Carl Albert, a stem-winding speaker, a little giant from Oklahoma; likewise, a New Deal liberal.  A progressive, we’d say these days, and extremely able.  The curious thing about Carl Albert to me, I think, is he wanted to be Speaker all his life and when he got there, he wasn’t quite sure what to do.  He was kind of an uncertain leader, uncertain trumpet, if you would.

Tip O’Neill was as popular as Jerry Ford.  You just could not dislike Tip O’Neill.  He had that Irish Catholic warm friendly approach.  I recall a lot of people getting mad at Tip O’Neill, but never holding it.  He would overcome it.  And I think a good Speaker over all, a strong Speaker.  He was one of the early people to oppose the Vietnam War against his party at the time.  But Tip was a committed Democrat and I think turned out to be quite a strong Speaker.

Smith: Let me ask you one thing about the House and we’ll move on.  Because Ford clearly was very proud of his service in the House, I think he regarded it as his real home in Washington.  There’s no evidence that he ever wanted to go to the Senate, although he’d been approached more than once.  What is it about the House, and I’m not putting down the Senate, but what is it about the House that inspires such loyalty?

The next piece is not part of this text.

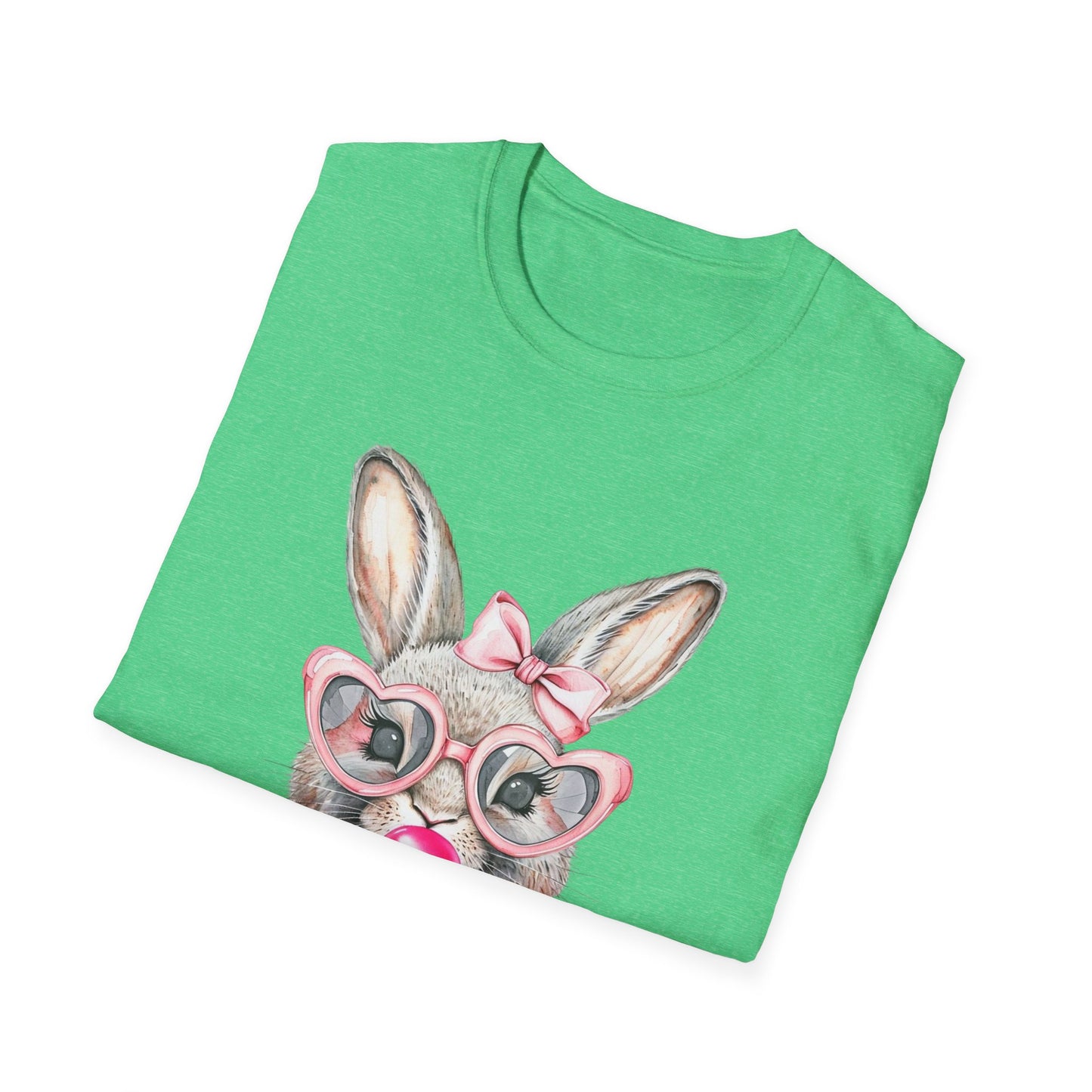 Bubble Gum Bunny - Cute Unisex Softstyle T-Shirt for Spring Celebrations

Hamilton: It’s a more collegial body.  I didn’t know much about the Michigan politics of the day, but Ford had I think fairly easy re-elections and he enjoyed travelling the country, making the Republican case.  He was quite good at it.  He really enjoyed his friends.

Smith: On both sides of the aisle?

Hamilton: Oh, no question about it.  And I think he felt very much at home.  He described himself as a man of the House and there’s that great story about him.  After he stepped away from the presidency, he took a helicopter tour and he asked them to swing around the Capitol. “This is my home.”  He’d been in the White House for however long it had been, a couple years, but he very much considered himself a man of the House and I don’t think ever felt otherwise, even as President.

Smith: Now, that raises a large question. Because you can also look at the two and a half years of his presidency as learning the difference between a legislator’s function and the executive function.

Hamilton: Yeah.

Smith: And he is said to have observed that the great frustration to losing in ’76 was he’d just felt that he’d mastered the job and he lost it.

What would he bring from the Hill to the White House and what might he have to unlearn?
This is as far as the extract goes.